Postby GregoYatzee » Sun Oct 02, 2016 10:25 am

Ranchero50 wrote:I'll be honest, when reading this thread my eye go crossways. 22-30 volts doesn't make sense. At that voltage you would be cooking batteries and having other serious issues. I don't know what the answer is but you are going to need to dig through your wiring and find what's melted together.

What is your battery voltage across the terminals when shut down overnight and then when running?


Yeah, my eyes have rolled back into my head a few times...(especially when I have hit it on the hood latch...)

The voltage at battery overnight is 12.6 when I have charged it. Right now, it's about 12.4 from my starting it yesterday. The battery has been protected by the fuse. The high voltage reading is from the large gauge wire from alternator to the solenoid.I leave fuse out and start remotely (as ignition switch will not work without this connection.) When running in this state, voltage is high.
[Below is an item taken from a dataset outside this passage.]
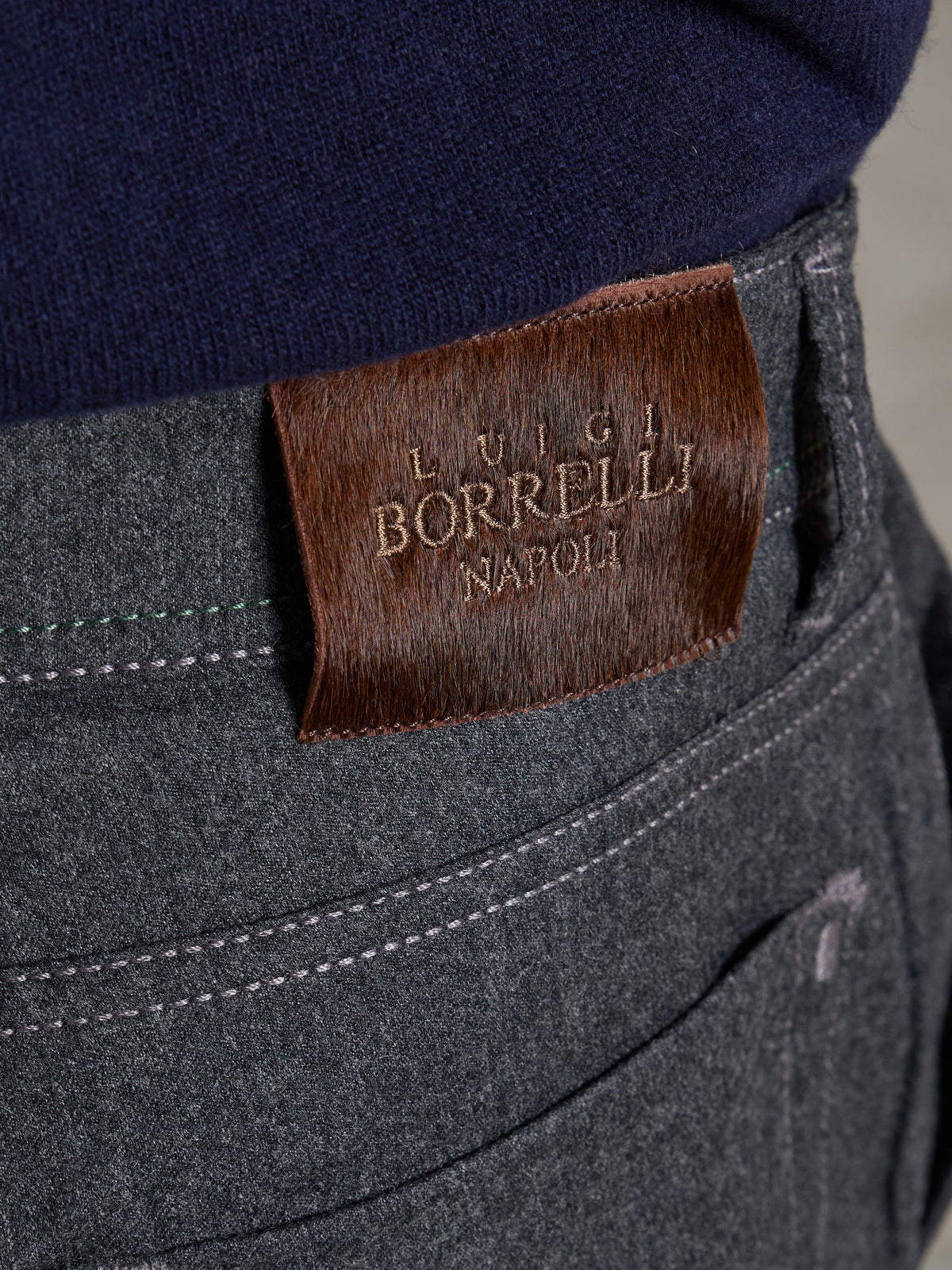 "ROYAL COLLECTION" PLEBISCITO WOOL TROUSERS - DARK GREY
When I jumper the vr, it goes higher.

The only wire that had ANY damage was the ground from the alternator to vr mount bolt. Replaced that yesterday. I also replaced the resistor wire. There was slight heat marking on it, but it still tested good. All other wiring I have removed from wrapping has been clean, smooth and intact. Every wire I have tested, has tested proper continuity and/or resistance.

I will make and post a vid to youtube today and post it here showing the process I have been using.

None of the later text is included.